Il rapporto di Human Rights Watch denuncia che l’Italia ha adottato politiche repressive contro l’immigrazione, tra cui la detenzione di migranti in Albania in attesa di espulsione e ostacoli ai soccorsi umanitari in mare. Inoltre, il documento evidenzia la mancata esecuzione di un mandato di arresto internazionale verso un funzionario libico accusato di crimini contro l’umanità.

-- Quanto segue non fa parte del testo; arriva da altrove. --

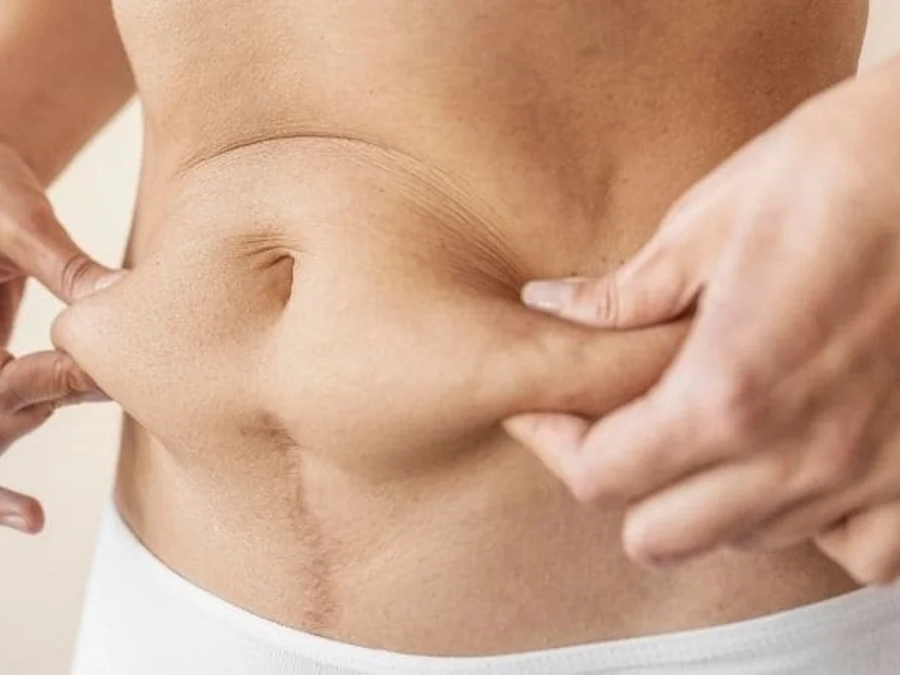 El ejercicio para eliminar la grasa del abdomen en un dos por tres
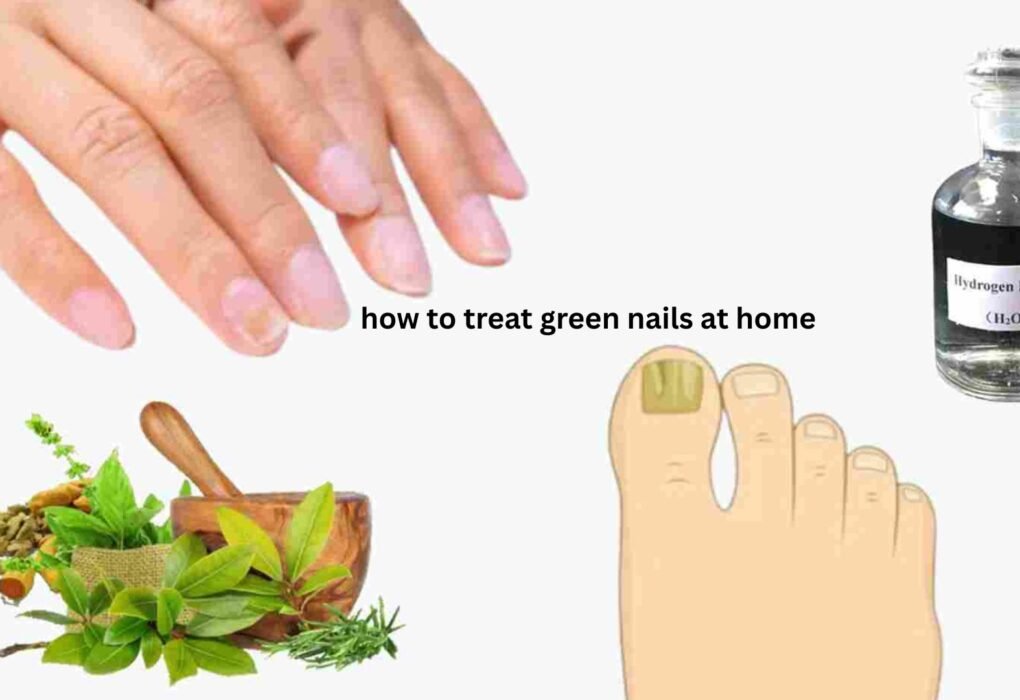 How to Treat Green Nails at Home Safely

L’organizzazione esprime preoccupazione per le recenti misure di sicurezza in Italia, che potrebbero limitare la libertà di espressione e di associazione, e segnala episodi di profiling razziale e violenza contro le donne da parte della polizia.

Il rapporto critica anche l’amministrazione Trump negli Stati Uniti per gli attacchi all’indipendenza della magistratura, l’intimidazione verso oppositori politici, media, istituzioni accademiche e società civile; inoltre, vengono menzionate la revoca di tutele per persone transgender e intersessuali e azioni di ostruzionismo nei confronti dell’aborto. HRW sottolinea l’adozione di una retorica e di politiche che riflettono un’ideologia nazionalista bianca, denotando il ricorso a stereotipi razzisti e l’esclusione di intere popolazioni.

Secondo il rapporto, la politica estera americana sotto Trump avrebbe indebolito il sistema basato su regole internazionali, minimizzato le responsabilità della Russia riguardo le violazioni in Ucraina, e sostenuto quasi incondizionatamente Israele nonostante gravi accuse mosse dalla Corte internazionale di giustizia. Viene inoltre ricordato il ruolo degli Stati Uniti vent’anni fa nella reazione alle atrocità in Darfur e si mette in evidenza l’attuale mancanza di intervento rispetto alla nuova crisi in Sudan.

Human Rights Watch invita infine i governi che rispettano i diritti umani a unirsi in una coalizione politica ed economica capace di influenzare accordi commerciali e di sicurezza, al fine di difendere le norme democratiche. Philippe Bolopion, direttore esecutivo di HRW, considera la difesa dei diritti una sfida generazionale che avrà impatti globali, con un particolare rilievo alle prossime scelte politiche negli Stati Uniti.